# YULL walter william (known as Billy)



## yull (Jan 6, 2013)

He was posted missing on christmas eve December 1952 from the 
S.S.WENCESLAO off the coast of South America.
The previous year he saved a man who fell overboard.
Can anyone throw any light on him.
Thank you.


----------



## Sister Eleff (Nov 28, 2006)

Welcome to the site Yull. I presume Billy was a relative of yours and hope someone can help you with your search for information.


----------



## Roger Griffiths (Feb 10, 2006)

I don't know if this is your man. 
http://discovery.nationalarchives.gov.uk/SearchUI/Details?uri=C8364927

Roger


----------



## R58484956 (Apr 19, 2004)

Greetings* Yull *and welcome to* SN*. Bon voyage.


----------



## yull (Jan 6, 2013)

Dear Roger
Thank you for pointing me in the right direction.
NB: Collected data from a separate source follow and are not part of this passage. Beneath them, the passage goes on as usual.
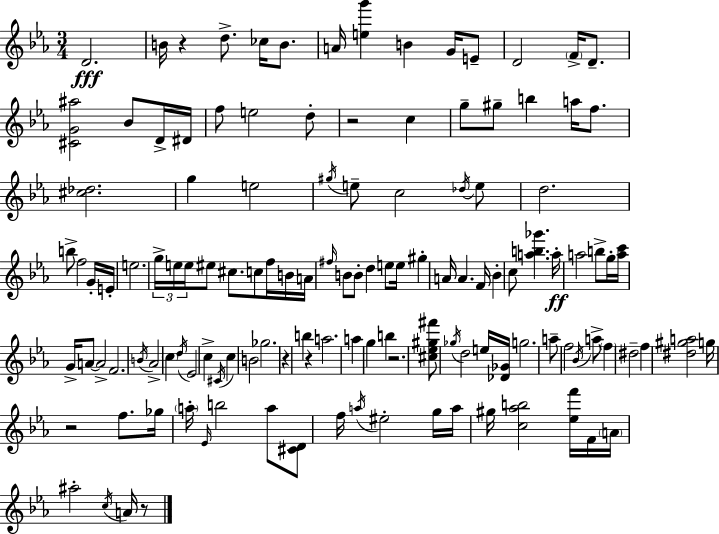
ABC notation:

X:1
T:Untitled
M:3/4
L:1/4
K:Cm
D2 B/4 z d/2 _c/4 B/2 A/4 [eg'] B G/4 E/2 D2 F/4 D/2 [^CG^a]2 _B/2 D/4 ^D/4 f/2 e2 d/2 z2 c g/2 ^g/2 b a/4 f/2 [^c_d]2 g e2 ^g/4 e/2 c2 _d/4 e/2 d2 b/2 f2 G/4 E/4 e2 g/4 e/4 e/4 ^e/2 ^c/2 c/2 f/4 B/4 A/4 ^f/4 B/2 B/2 d e/2 e/4 ^g A/4 A F/4 _B c/2 [ab_g'] a/4 a2 b/2 g/4 [ac']/4 G/4 A/2 A2 F2 B/4 _A2 c d/4 _E2 c ^C/4 c B2 _g2 z b z a2 a g b z2 [^c_e^g^f']/2 _g/4 d2 e/4 [_D_G]/4 g2 a/2 f2 _B/4 a/2 f ^d2 f [^d^ga]2 g/4 z2 f/2 _g/4 a/4 _E/4 b2 a/2 [^CD]/2 f/4 a/4 ^e2 g/4 a/4 ^g/4 [c_ab]2 [_ef']/4 F/4 A/4 ^a2 c/4 A/4 z/2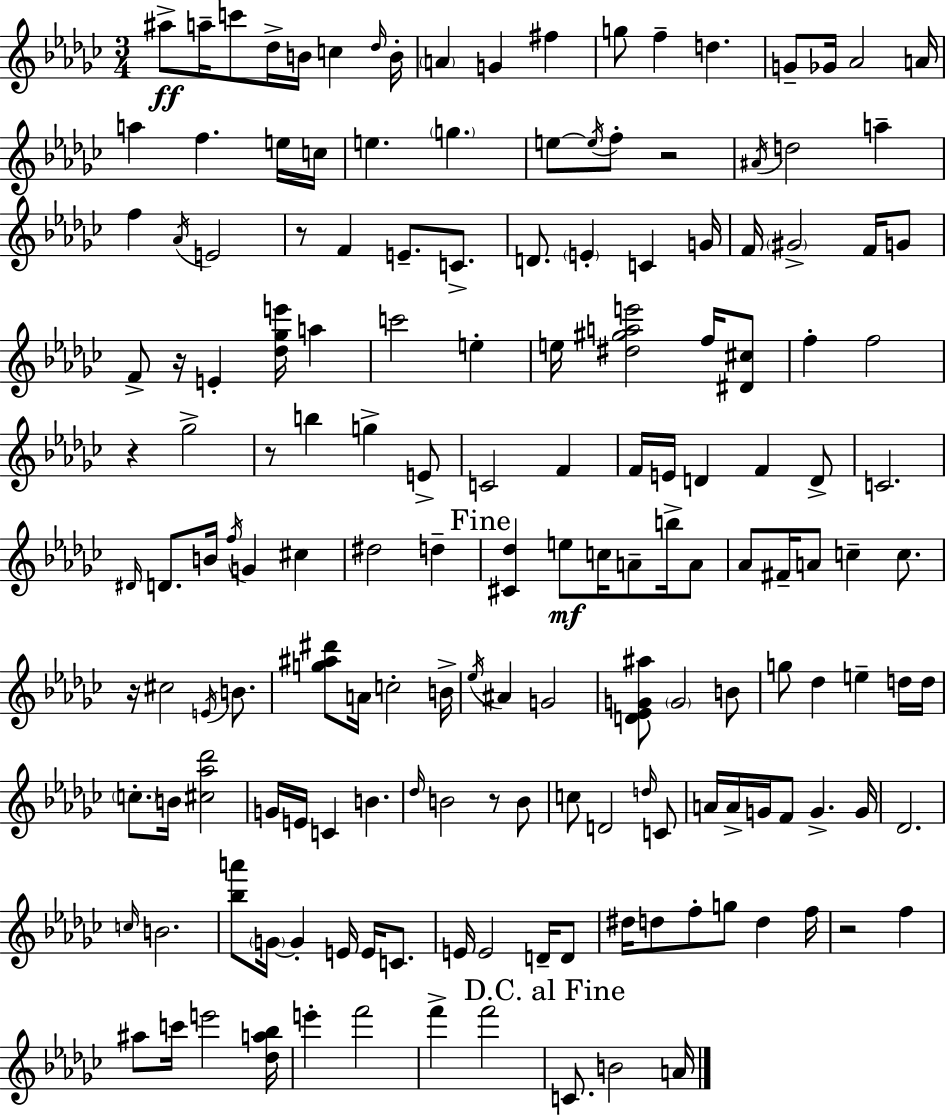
{
  \clef treble
  \numericTimeSignature
  \time 3/4
  \key ees \minor
  ais''8->\ff a''16-- c'''8 des''16-> b'16 c''4 \grace { des''16 } | b'16-. \parenthesize a'4 g'4 fis''4 | g''8 f''4-- d''4. | g'8-- ges'16 aes'2 | \break a'16 a''4 f''4. e''16 | c''16 e''4. \parenthesize g''4. | e''8~~ \acciaccatura { e''16 } f''8-. r2 | \acciaccatura { ais'16 } d''2 a''4-- | \break f''4 \acciaccatura { aes'16 } e'2 | r8 f'4 e'8.-- | c'8.-> d'8. \parenthesize e'4-. c'4 | g'16 f'16 \parenthesize gis'2-> | \break f'16 g'8 f'8-> r16 e'4-. <des'' ges'' e'''>16 | a''4 c'''2 | e''4-. e''16 <dis'' gis'' a'' e'''>2 | f''16 <dis' cis''>8 f''4-. f''2 | \break r4 ges''2-> | r8 b''4 g''4-> | e'8-> c'2 | f'4 f'16 e'16 d'4 f'4 | \break d'8-> c'2. | \grace { dis'16 } d'8. b'16 \acciaccatura { f''16 } g'4 | cis''4 dis''2 | d''4-- \mark "Fine" <cis' des''>4 e''8\mf | \break c''16 a'8-- b''16-> a'8 aes'8 fis'16-- a'8 c''4-- | c''8. r16 cis''2 | \acciaccatura { e'16 } b'8. <g'' ais'' dis'''>8 a'16 c''2-. | b'16-> \acciaccatura { ees''16 } ais'4 | \break g'2 <d' ees' g' ais''>8 \parenthesize g'2 | b'8 g''8 des''4 | e''4-- d''16 d''16 \parenthesize c''8.-. b'16 | <cis'' aes'' des'''>2 g'16 e'16 c'4 | \break b'4. \grace { des''16 } b'2 | r8 b'8 c''8 d'2 | \grace { d''16 } c'8 a'16 a'16-> | g'16 f'8 g'4.-> g'16 des'2. | \break \grace { c''16 } b'2. | <bes'' a'''>8 | \parenthesize g'16~~ g'4-. e'16 e'16 c'8. e'16 | e'2 d'16-- d'8 dis''16 | \break d''8 f''8-. g''8 d''4 f''16 r2 | f''4 ais''8 | c'''16 e'''2 <des'' a'' bes''>16 e'''4-. | f'''2 f'''4-> | \break f'''2 \mark "D.C. al Fine" c'8. | b'2 a'16 \bar "|."
}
I do family history, and Billy was my dad's brother, I was only three when he died.
Regards
Yull


----------



## Hugh MacLean (Nov 18, 2005)

I can confirm that Roger has the correct man. See attached.

Regards
Hugh


----------



## Roger Griffiths (Feb 10, 2006)

Thanks for the confimation Hugh, 

Yull

To find out which ships he sailed on before SAN WENCESLAO you need to obtain his form CRS10
This form records the service of individual merchant seamen and lists the ships on which they served with relevant dates. The CRS 10 will give personal details of each seaman including, name, age, rank, rating/grade and qualifications. They provide details of ships served on, the names of ships and their official numbers, the dates of engagement and discharge and rank served. This information about service was extracted from ship's logs and crew agreements lodged by ship owners. 
If it has survived it should be here
http://discovery.nationalarchives.gov.uk/SearchUI/Details?uri=C10991301
These forms are stored in blocks of 60 names so it pays to be precise when ordering. Something like----------------
Could you please quote for a copy of the form CRS10 of WALTER WILLIAM YULL born 03/09/1933 in Hull Discharge A number R557483 in piece 
http://discovery.nationalarchives.gov.uk/SearchUI/Details?uri=C10991301

You could also look at the ships logbook and crew agreement but they would contain little other information not already posted by Hugh.


----------